The transaction comes as IGC’s cash burn remains high, with a reported net loss of $1.821 million for the quarter ended September 30 2025 and a $7.1 million loss for the fiscal year ended March 31 2025. The company’s cash balance was $1.105 million at that date, and it has a $12 million credit line from O Bank that is largely used as an overdraft. The $234,000 infusion extends the runway by only a few weeks, underscoring the need for additional financing before the CALMA trial concludes.

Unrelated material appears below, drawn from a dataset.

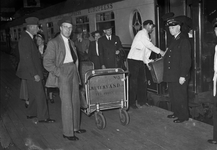 166698 Afbeelding van een kruier tijdens het inladen van de bagage in een trein (Pullman) langs het perron van het ...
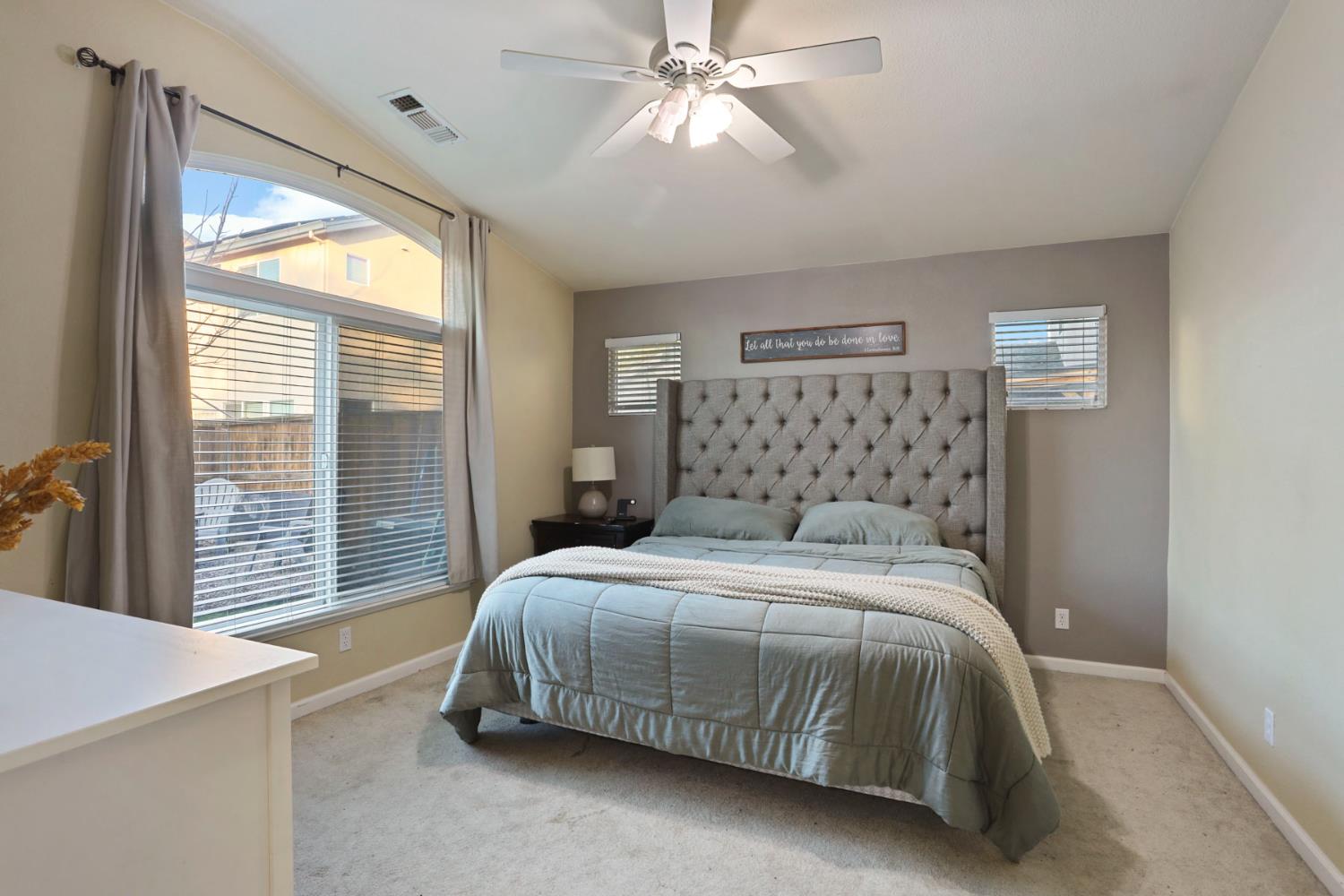 277 Fragrance Street Manteca, CA 95337 - Photo 16 of 27 a bedroom with a large bed and a chandelier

Enrollment in the CALMA trial reached 65 % of the target by December 2025, with full enrollment expected in early 2026. The trial is scheduled to complete in the first half of 2026, after which IGC will seek to publish Phase 2 results and pursue a larger funding round or partnership to support Phase 3 development.

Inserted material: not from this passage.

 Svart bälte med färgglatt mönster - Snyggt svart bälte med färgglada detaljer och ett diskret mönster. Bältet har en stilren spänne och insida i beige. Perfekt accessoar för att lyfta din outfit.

CEO Ram Mukunda highlighted that the new investors are “sophisticated, long‑term” participants who bring more than capital, describing them as partners and ambassadors. The company’s strategy is to use the modest raise to bridge the gap to the next major milestone while maintaining momentum in its AI‑driven drug discovery platform and expanding its pipeline beyond IGC‑AD1.

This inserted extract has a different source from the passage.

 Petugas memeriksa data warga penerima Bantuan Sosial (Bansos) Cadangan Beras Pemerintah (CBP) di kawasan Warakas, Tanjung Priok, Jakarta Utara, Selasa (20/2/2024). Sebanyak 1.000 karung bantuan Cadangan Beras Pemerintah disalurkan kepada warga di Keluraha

The equity offering signals that IGC remains in a cash‑constrained position, but it also demonstrates the company’s ability to attract capital for a high‑profile Alzheimer’s program. The dilution from the new shares will reduce existing shareholders’ ownership, but the infusion is a necessary short‑term measure that keeps the CALMA trial on track and preserves the company’s ability to pursue future growth opportunities.